Distributed Computing
Decentralization and data consistency are the hallmark features of etcd, and they are also necessary requirements for cloud-native systems. However, how can traditional databases fulfill these requirements?
etcd
Raft is a popular distributed protocol used by etcd to distribute updates to multiple nodes, ensuring that committed data is confirmed by a majority of nodes.
Raft has rigorously defined roles and its role switching diagram is shown below:
(Image source: https://raft.github.io, licensed under CC 3.0 BY-SA)
By default, all reads and writes are executed on the master node in etcd. While it's easy to understand the need for consistency in writes, it's worth noting the importance of consistency in reads. Consistency in reads ensures that the reads come from committed data and the latest version of the data. It also ensures that each read version is equal to or greater than the previous read version.
To implement consistent reads, the slave nodes obtain the latest version of data from the master node. If the slave node's version is older than that of the master node, it waits for synchronization.
As a result, all read and write tasks in etcd are handled exclusively by the master node, while the distribution mechanism only guarantees the availability of replicas and data consistency, without offering any load balancing capabilities.
PostgreSQL
PostgreSQL originates from a traditional database background and does not include built-in implementations of distributed protocols like Raft. Nevertheless, it does possess the necessary data replication capabilities for clustering. By incorporating third-party Raft components, PostgreSQL can function as a distributed system that operates in the same manner as etcd.
PostgreSQL comes with a variety of basic features, including:
- Synchronous commit
- Quorum replication
- Failover trigger
- Hot standby
On the master node, transactions can be configured to require confirmation from multiple nodes for successful submission, with the number of confirmation nodes set to a majority (quorum).
For more information, see: https://www.2ndquadrant.com/en/blog/evolution-fault-tolerance-postgresql-synchronous-commit/
The role of data replication can be switched through a failover trigger, and tools like pg_rewind can remove data that hasn't been confirmed by a majority of nodes in order to rejoin the cluster later.
Hot-standby allows for serializable read, akin to etcd, which permits already committed data to be read on replica nodes, although it doesn’t guarantee to be the latest version.
Below is an example of relevant configurations:
-- set quorum sync replication in postgresql.conf
-- assume you have 5 nodes, then at least 2 standbys must be committed
-- then you could tolerate 2 nodes failures
synchronous_commit on
synchronous_standby_names ="ANY 2 (*)"
-- if master fails, check flushed lsn of each standby
-- promote a standby with max lsn to master
select flushed_lsn from pg_stat_wal_receiver;
PostgreSQL provides full support for clustering on the data plane, and the provision of the Raft component on the control plane enables the creation of a decentralized cluster. As a PostgreSQL worker process, the pg_raft
component, which I have provided to multiple commercial clients, offers cluster management functions such as leader election based on the Raft protocol.
Maintenance
etcd is a database designed for specific needs, which means it doesn't require much maintenance, making it one of its selling points.

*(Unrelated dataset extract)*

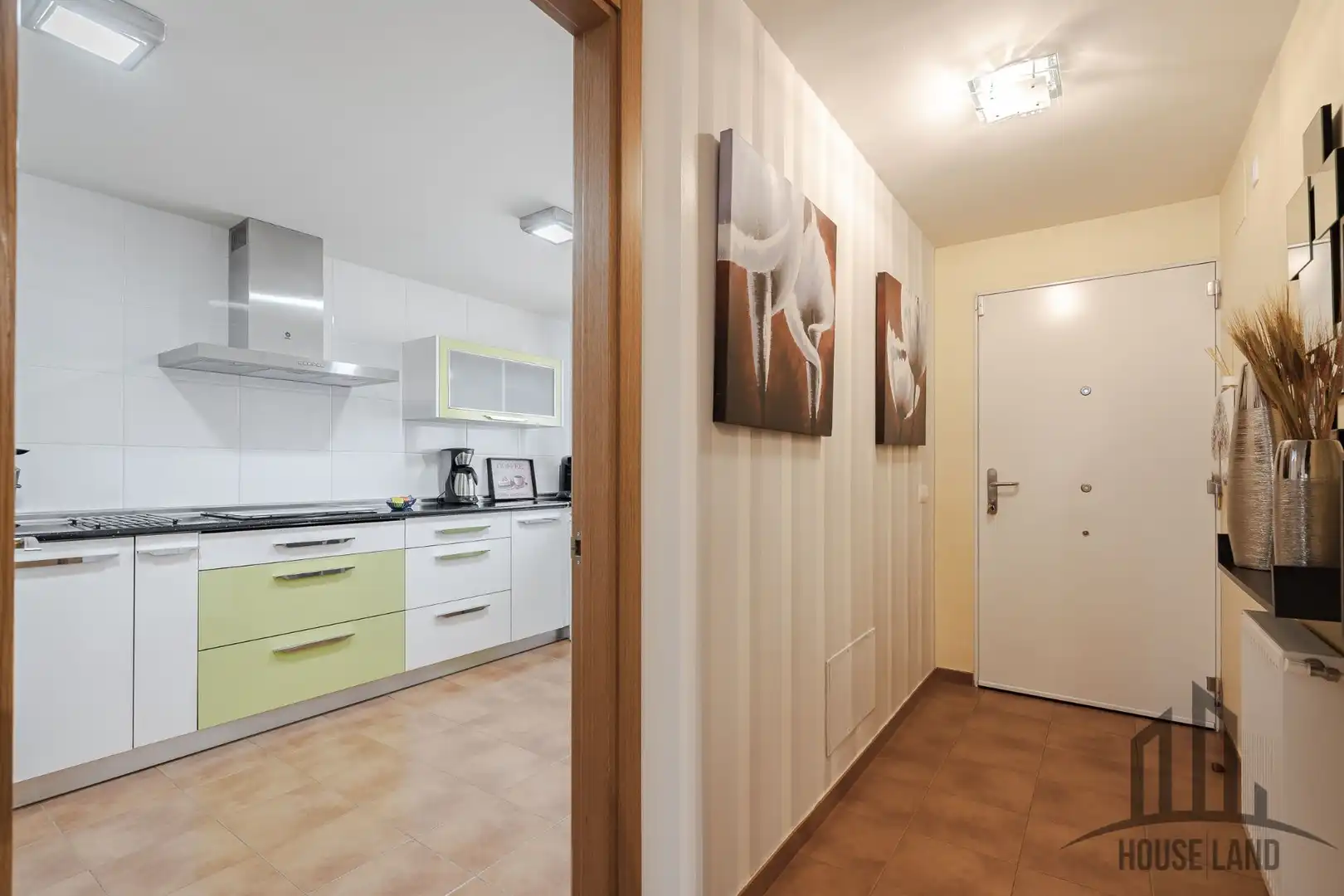 Casa adosada en venta en El Casar con Aire acondicionado, Calefacción y Piscina comunitaria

Meanwhile, PostgreSQL requires less maintenance from DBAs compared to other relational databases due to its well-designed architecture. Like etcd, many of the maintenance tasks in PostgreSQL are automatic and built-in.
Database management involves various routine maintenance tasks, but this discussion will focus on two: compaction and snapshot backup.
Compaction
Maintaining multiple versions of data can lead to a bloated database and decreased read/write efficiency. To address this issue, older versions of data should be deleted when they are no longer needed, and any resulting gaps should be merged through a process called compaction.
etcd
etcd offers compact and defrag operations in its API to support this process.
The compact operation is used to delete all old versions of data before a certain revision. If the revision range includes the latest version, the latest version will be preserved. For example, if the command compact 100
is used and there is a key-value pair with key=foo, revision=87
it will be preserved, but the key-value pair with key=foo, revision=65
will be deleted. In other words, compact does not delete the current data version for each key.
etcd also provides an auto compaction feature that allows users to specify how often to run compact, such as every few hours.
When compact is used, it leaves gaps in the boltdb, which must be consolidated using defrag. However, defrag involves significant I/O and can block read and write operations, so it should be used with caution.
PostgreSQL
On the other hand, PostgreSQL's compaction process is also simple. For example, to delete old data before revision 100, one can use the following SQL command:
with alive as (
select r as revision from get_all('/routes/')
)
delete from config
where revision < 100 and not exists (
select 1 from alive where alive.revision = config.revision limit 1
);
If you need to execute compaction regularly, you can use crontab or pg_cron.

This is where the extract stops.